L’indicateur ZEW du climat des affaires semble avoir touché son point bas en octobre, au terme de sept mois de repli. En novembre, pour la première fois depuis le mois de mars, le solde d’opinions des perspectives des analystes interrogés est ressorti en hausse de 8,5 points, à 10,4, après un point bas à 1,9 en octobre. L’indicateur sur les conditions courantes, a par ailleurs, conservé un niveau solide, de 54,4 points, encore proche de ses plus hauts du printemps.
Comme nous l’avions exprimé en début d’année (voir en autres publications sur ce sujet « L’indice ZEW sonne-t-il la fin de la partie pour le DAX ? » du 17 mars) les signaux envoyés par l’enquête ZEW sont souvent beaucoup plus pertinents que généralement considérés.
Généralement en avance sur l’IFO, les anticipations du ZEW constituent un bon indicateur avancé de la conjoncture allemande tandis que les détails sectoriels permettent également d’affiner le suivi des tendances sous-jacentes de l’activité.

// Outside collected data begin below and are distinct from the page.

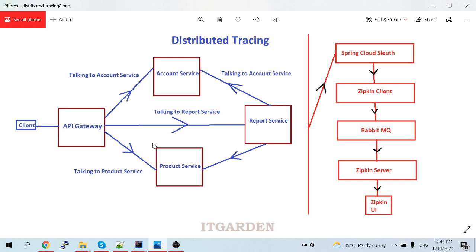Zipkin server is a distributed tracing system — we can track all microservice calls in a centralized place. That is the purpose of Zipkin server. Zipkin server is not a log aggregator. Whenever you call the API gateway or account service, some logs are printed, but we cannot store the log content. We can only track the calls — what calls happened at a particular time. We can see those call reports in the Zipkin server, but not the log content. This is not a log aggregator; this is only for seeing the calls.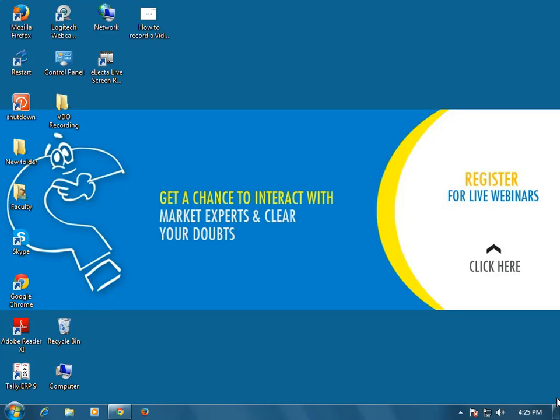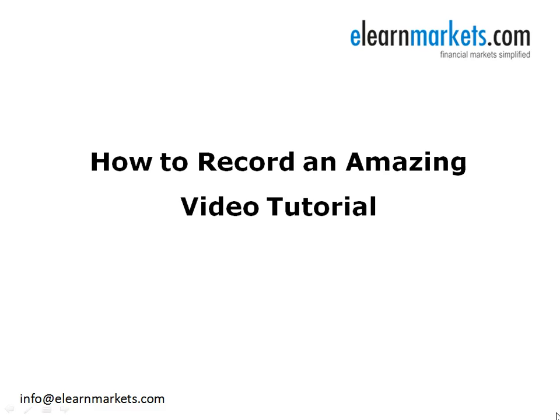Hi, this is Shomi Gain from eLearnMarkets.com and I would take some time to make a video tutorial on how to create a video tutorial. Nowadays most of the financial market trainers prefer to create video tutorials in order to share practical knowledge with intended participants. Tutorials are the most convenient way to build audience as they can learn at their own pace. Hence, I, on behalf of eLearnMarkets, am here to assist you in this process by helping you with the detailed steps of recording a video tutorial.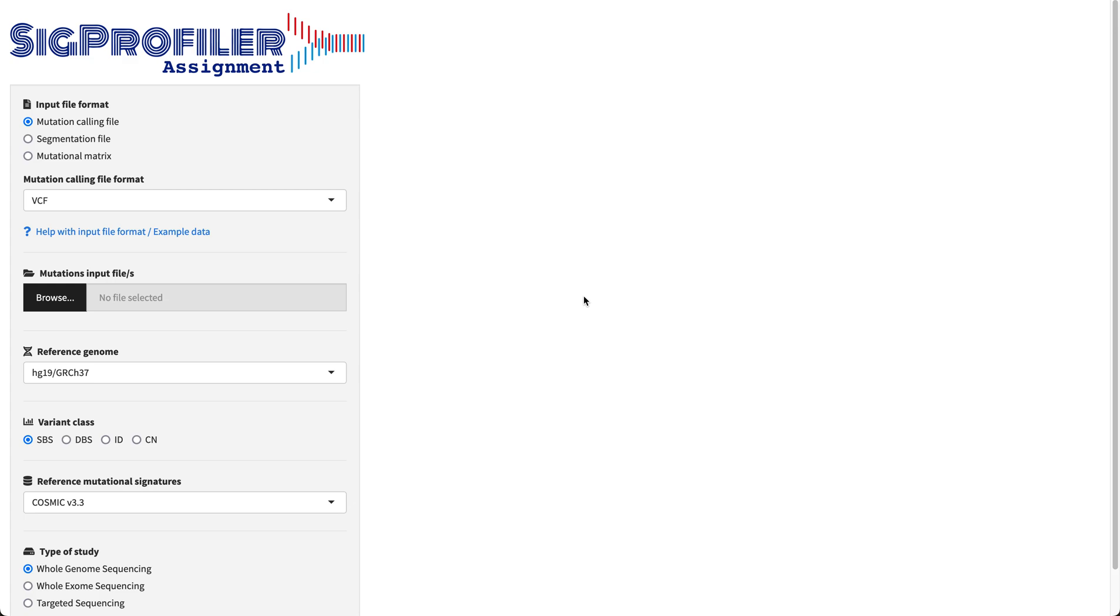Hi, this is Marcos from the Alexander Lab. Welcome to the video tutorial of SIG Profiler Assignment web version.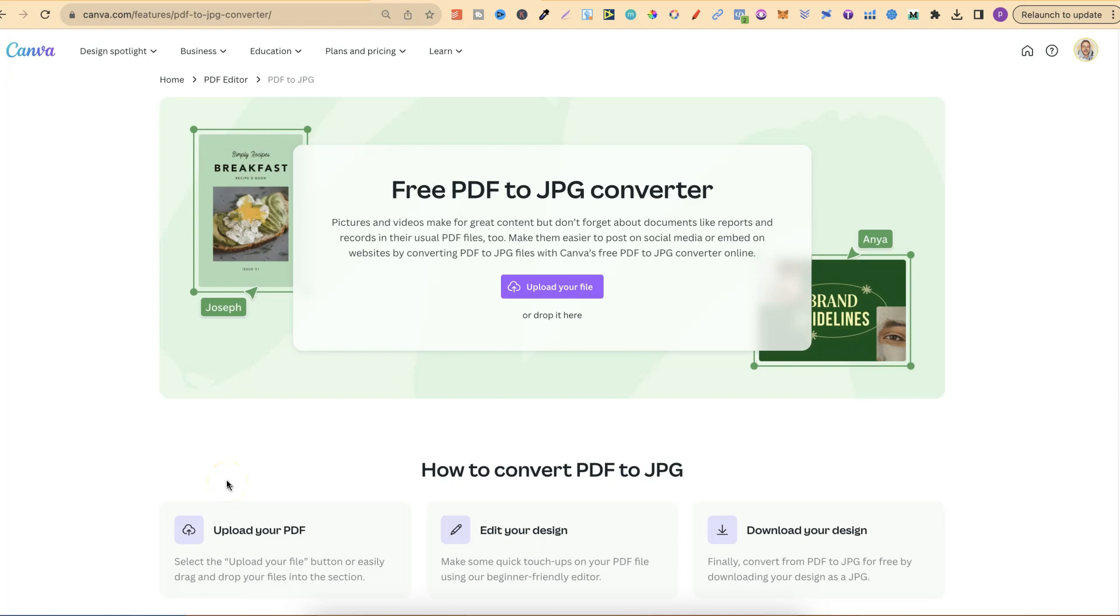In this tutorial, I'm going to show you how to convert your PDF to a JPEG using Canva.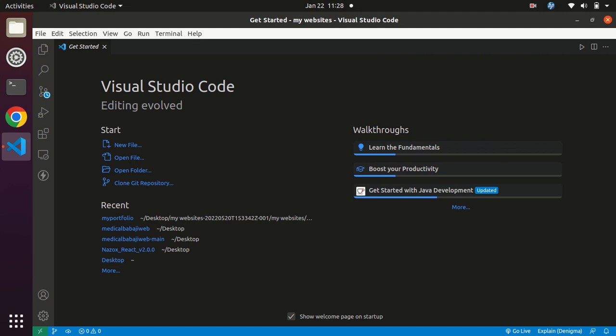Hey friends, welcome back. Today we have a mind-blowing hack that will be very helpful for you. It will make you independent and help you understand the explanation of code written by you or anyone else. Believe me, it's a game-changing tool, so without wasting time, let's go to the extension.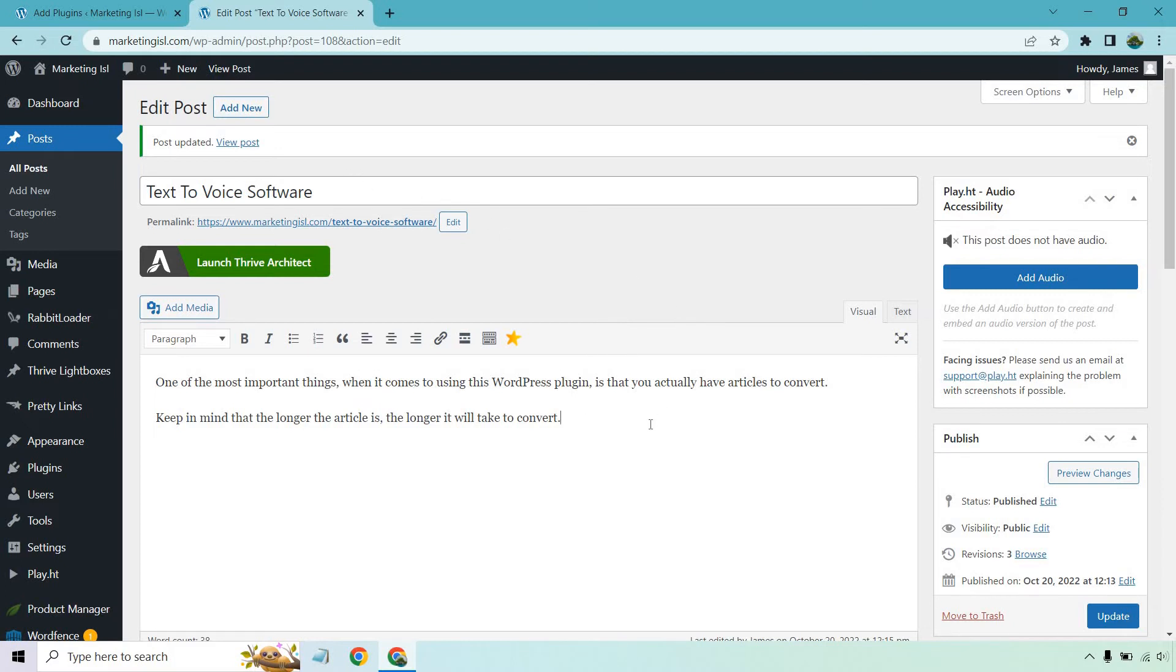It says one of the most important things when it comes to using this WordPress plugin is that you actually have articles to convert. Kind of making fun of myself. This is just a website. It's like a standard placeholder. I don't use it for publishing articles. That's why I put that there. And I put, keep in mind that the longer the article is, the longer it will take to convert.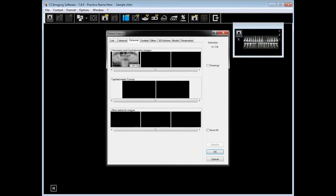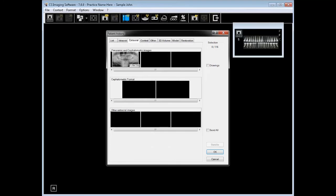Extraoral. Extraoral tab, you'll see a list of panoramic images, cephalometric images. Superimposition for cephalometric will show as a cephalometric format. And intraoral images that were classified as extraoral.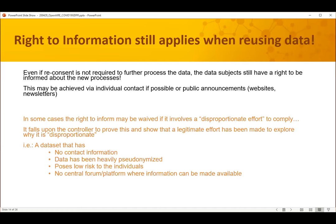Now, we talked about further processing — you can process it without asking for consent per se. But what still applies is the right to information, which means you still need to make an effort to inform the data subjects.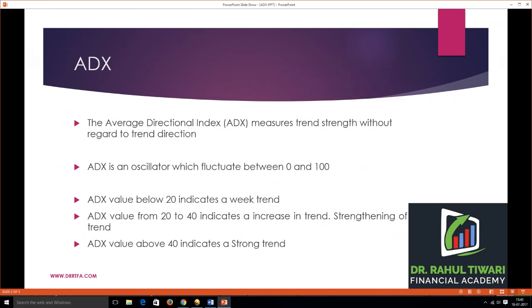The Average Directional Index is an oscillator which fluctuates between zero and one hundred. ADX values below 20 indicate a very weak trend or a sideways market. Values from 20 to 40 indicate an increase or strengthening of the trend, whether upward or downward. When the ADX value reaches above 40, it indicates a very strong trend, whether an uptrend or downtrend.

De l’enquête publiée ce matin nous retirons deux éléments.
- Une bonne tenue persistante des tendances domestiques que retrace en particulier le maintien à haut niveau du solde d’opinion du commerce de détail et de la construction.
- Une stabilisation, voire un léger rebond des perspectives des secteurs les plus exposés à l’exportation que sont notamment la mécanique, la chimie, l’électronique et l’automobile à l’origine, ces derniers mois, du repli du climat de confiance.
L’ensemble est plutôt de bon augure, suggérant, comme nous l’avons souligné ces derniers temps, une meilleure capacité de résistance de l’économie allemande à la détérioration de l’environnement international, dans un contexte domestique très porteur.
Ces tendances incitent à relativiser la déception occasionnée par la publication d’une croissance de seulement 0,3 % au troisième trimestre dans un contexte européen également plus favorable.